Somali government troops face forces loyal to sacked police chief

Witnesses said gunfire erupted late Friday in Somalia’s capital, Mogadishu, as government troops approached the home of the city’s former police commander, who was fired for extending the president’s term.

The stand-off reveals divisions in Somalia’s security services that threaten to see the powers turn, creating an opportunity for the al-Qaeda-linked Al Shabaab insurgency to exploit.

“Somalia’s protracted political crisis has entered a new, dangerous phase,” the International Crisis Group, a Brussels-based think tank, said in a letter on Saturday.

‘It is said that the opposition is considering forming a parallel government; cracks deepened in a security device long divided along trunk lines; and the president’s opponents promised to resist the expansion of his rule. ‘

Somalia, which has been devastated by the civil war since 1991, is trying to rebuild with international aid, but the road to stability is being hampered by a political crisis caused by the failure to hold the elections that were to take place in February.

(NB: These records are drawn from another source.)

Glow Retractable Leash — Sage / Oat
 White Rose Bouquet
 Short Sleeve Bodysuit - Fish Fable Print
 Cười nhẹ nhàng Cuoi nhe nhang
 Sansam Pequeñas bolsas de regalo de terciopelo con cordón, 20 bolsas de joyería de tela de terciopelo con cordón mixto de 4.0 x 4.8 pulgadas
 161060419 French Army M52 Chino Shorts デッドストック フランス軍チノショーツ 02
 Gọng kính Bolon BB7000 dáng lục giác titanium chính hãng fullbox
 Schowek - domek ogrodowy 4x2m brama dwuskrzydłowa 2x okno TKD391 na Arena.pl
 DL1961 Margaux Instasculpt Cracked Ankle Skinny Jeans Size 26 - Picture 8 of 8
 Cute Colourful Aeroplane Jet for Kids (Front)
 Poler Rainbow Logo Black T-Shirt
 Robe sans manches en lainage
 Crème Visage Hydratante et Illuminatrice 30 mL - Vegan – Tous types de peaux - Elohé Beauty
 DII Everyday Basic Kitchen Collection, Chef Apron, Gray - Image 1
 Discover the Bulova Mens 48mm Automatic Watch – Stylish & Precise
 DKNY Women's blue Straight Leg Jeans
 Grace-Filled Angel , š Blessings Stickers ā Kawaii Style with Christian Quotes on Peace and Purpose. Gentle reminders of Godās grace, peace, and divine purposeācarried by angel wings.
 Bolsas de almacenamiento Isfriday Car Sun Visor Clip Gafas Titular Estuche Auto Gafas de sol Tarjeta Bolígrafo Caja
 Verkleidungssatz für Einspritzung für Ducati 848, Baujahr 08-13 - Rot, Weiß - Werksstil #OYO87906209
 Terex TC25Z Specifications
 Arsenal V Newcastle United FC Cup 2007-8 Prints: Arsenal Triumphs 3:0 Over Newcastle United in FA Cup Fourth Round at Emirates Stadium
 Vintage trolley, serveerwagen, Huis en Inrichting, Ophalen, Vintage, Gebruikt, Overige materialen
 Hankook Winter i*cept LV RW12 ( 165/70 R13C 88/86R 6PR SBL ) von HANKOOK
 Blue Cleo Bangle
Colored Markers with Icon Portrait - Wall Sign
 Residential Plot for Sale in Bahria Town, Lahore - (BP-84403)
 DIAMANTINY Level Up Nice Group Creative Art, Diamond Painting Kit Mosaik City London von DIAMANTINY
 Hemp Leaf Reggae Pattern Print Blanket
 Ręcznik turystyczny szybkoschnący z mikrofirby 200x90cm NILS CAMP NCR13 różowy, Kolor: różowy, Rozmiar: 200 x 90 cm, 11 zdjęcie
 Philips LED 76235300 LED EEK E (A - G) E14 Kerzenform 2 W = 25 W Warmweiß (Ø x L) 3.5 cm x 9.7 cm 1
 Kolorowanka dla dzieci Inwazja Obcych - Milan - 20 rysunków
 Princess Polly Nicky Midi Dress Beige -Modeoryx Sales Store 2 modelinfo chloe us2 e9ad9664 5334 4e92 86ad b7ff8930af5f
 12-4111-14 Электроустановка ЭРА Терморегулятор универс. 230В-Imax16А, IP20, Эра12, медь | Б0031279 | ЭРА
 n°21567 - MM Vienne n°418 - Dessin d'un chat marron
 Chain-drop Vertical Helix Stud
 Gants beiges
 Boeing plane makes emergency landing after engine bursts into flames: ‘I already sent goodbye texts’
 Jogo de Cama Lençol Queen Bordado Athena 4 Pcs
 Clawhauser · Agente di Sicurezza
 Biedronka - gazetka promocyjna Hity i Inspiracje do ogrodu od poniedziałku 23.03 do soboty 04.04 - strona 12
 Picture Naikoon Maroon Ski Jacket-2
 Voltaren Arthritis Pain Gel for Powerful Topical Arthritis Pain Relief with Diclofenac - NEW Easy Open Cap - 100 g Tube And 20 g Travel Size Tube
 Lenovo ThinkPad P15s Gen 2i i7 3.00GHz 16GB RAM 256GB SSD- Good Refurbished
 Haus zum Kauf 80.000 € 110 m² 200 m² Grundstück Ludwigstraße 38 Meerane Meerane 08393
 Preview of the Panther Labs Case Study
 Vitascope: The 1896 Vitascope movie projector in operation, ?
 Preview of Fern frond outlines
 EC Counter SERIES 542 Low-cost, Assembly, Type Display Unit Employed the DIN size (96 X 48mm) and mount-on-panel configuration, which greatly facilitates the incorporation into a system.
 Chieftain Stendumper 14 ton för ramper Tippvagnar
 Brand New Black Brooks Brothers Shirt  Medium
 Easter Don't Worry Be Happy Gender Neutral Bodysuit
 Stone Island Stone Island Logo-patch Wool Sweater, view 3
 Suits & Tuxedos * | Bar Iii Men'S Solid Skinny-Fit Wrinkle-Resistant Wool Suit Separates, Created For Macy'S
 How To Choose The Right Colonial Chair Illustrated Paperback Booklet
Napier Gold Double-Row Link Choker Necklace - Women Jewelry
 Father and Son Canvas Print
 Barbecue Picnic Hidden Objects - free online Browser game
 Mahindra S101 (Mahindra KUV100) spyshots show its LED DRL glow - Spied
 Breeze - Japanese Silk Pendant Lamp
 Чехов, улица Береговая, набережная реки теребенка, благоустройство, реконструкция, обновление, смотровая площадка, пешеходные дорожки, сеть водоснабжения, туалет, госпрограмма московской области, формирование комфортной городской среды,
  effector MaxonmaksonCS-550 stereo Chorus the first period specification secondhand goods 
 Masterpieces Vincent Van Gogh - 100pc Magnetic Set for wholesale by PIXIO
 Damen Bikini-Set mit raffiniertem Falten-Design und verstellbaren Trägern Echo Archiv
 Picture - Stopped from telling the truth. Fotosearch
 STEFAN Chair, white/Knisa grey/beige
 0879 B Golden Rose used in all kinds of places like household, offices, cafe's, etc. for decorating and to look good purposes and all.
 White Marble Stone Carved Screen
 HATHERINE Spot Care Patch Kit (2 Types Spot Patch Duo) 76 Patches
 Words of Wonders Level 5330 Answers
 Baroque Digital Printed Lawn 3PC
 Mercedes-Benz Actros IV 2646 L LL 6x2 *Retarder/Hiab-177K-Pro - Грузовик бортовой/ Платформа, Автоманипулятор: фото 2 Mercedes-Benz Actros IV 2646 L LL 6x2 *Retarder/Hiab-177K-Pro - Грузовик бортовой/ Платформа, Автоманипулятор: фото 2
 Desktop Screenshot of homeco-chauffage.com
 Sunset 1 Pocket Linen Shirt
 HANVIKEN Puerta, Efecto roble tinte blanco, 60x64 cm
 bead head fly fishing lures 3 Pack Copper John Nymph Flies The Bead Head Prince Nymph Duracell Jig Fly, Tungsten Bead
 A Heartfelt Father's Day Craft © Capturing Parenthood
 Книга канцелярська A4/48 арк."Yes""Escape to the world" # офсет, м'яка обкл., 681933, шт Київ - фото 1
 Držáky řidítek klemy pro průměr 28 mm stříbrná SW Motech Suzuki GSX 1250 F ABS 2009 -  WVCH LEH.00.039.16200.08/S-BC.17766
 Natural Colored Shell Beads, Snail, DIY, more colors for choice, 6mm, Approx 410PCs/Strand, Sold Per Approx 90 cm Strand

On Monday, lawmakers extended President Mohamed Abdullahi Mohamed’s term from four years to two years.

The resolution was adopted after Saadaq Omar Hassan, Mogadishu police chief, announced that parliament had been suspended, causing his dismissal moments later. read more

Hassan returned to his home in the Shirkole area of ​​the city, which is guarded by 100 armed men reinforced by tribal fighters, his family and residents said.

Calm returned after the shooting, but some Shirkole residents held street demonstrations in support of Hassan, burning tires and shouting slogans against the president.

“If you are attacked, you have to defend yourself,” said Mahad Mohamed Salad, a pro-Hassan lawmaker.

The government has denied any involvement in the attack.

“We have no interest in attacking a civilian area where most of the residents are children and women,” Homeland Security Minister Hassan Hunbdubey said in an online address late Friday.

Donors, who opposed the president’s attempt to extend his tenure, fear the crisis could bring down the attacks of Islamic militants al Shabaab, who has been trying to run the government for years.

The militants killed Mohamed Abdi Hayle, the district commissioner for Hamarjajab on the outskirts of Mogadishu, on Friday, the state news agency reported.

They also captured the Becaadweyn area in the central state of Galmudug without resistance on Thursday after the Somali army left the area, residents said.